What you need to do:
Return every record below exactly; leave out the images.

Data extracts:
_ _ _ _ _

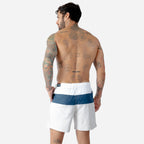 Ropa De Baño Short Hombre Woallance Supreme H25-26
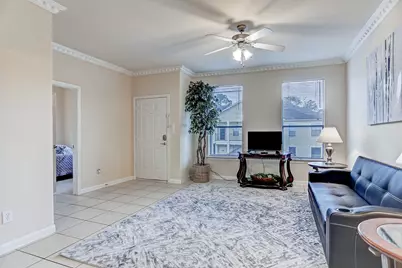 2088 Laverne Street #4, Houston, TX 77080 - Photo 1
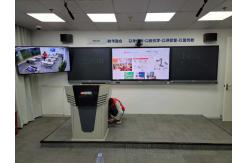 China JCVision Interactive Screen with LCD Writing Board Specification supplier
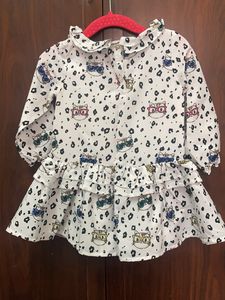 Baby Frock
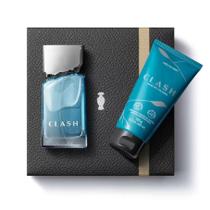 Kit Presente Dia Dos Namorados Clash (2 itens) Kit Presente Dia Dos Namorados Clash (2 itens)
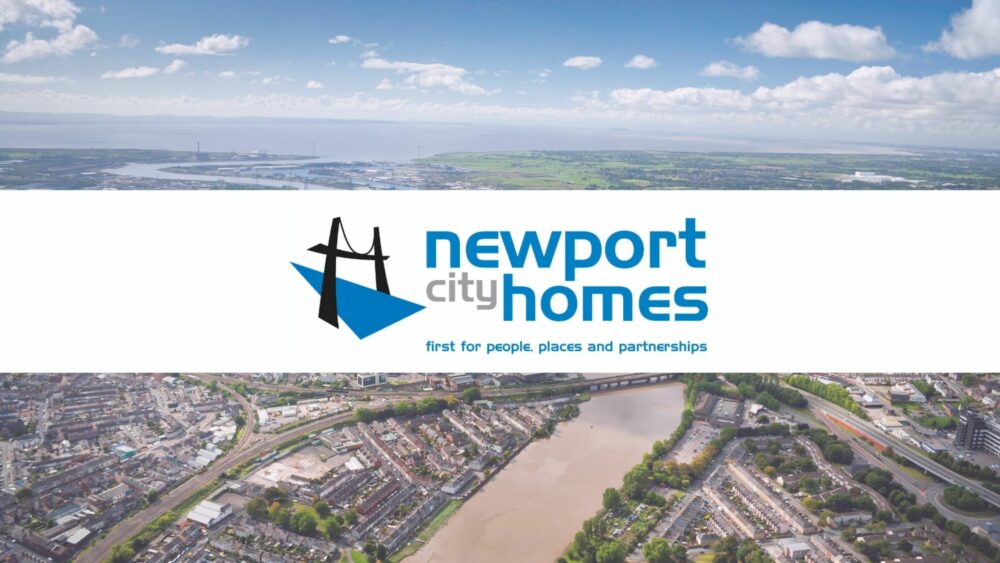Niche Skills in Housing Newport City Homes Case Study Moxie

_ _ _ _ _

Worked solution:
 Ropa De Baño Short Hombre Woallance Supreme H25-26
 2088 Laverne Street #4, Houston, TX 77080 - Photo 1
 China JCVision Interactive Screen with LCD Writing Board Specification supplier
 Baby Frock
 Kit Presente Dia Dos Namorados Clash (2 itens) Kit Presente Dia Dos Namorados Clash (2 itens)
Niche Skills in Housing Newport City Homes Case Study Moxie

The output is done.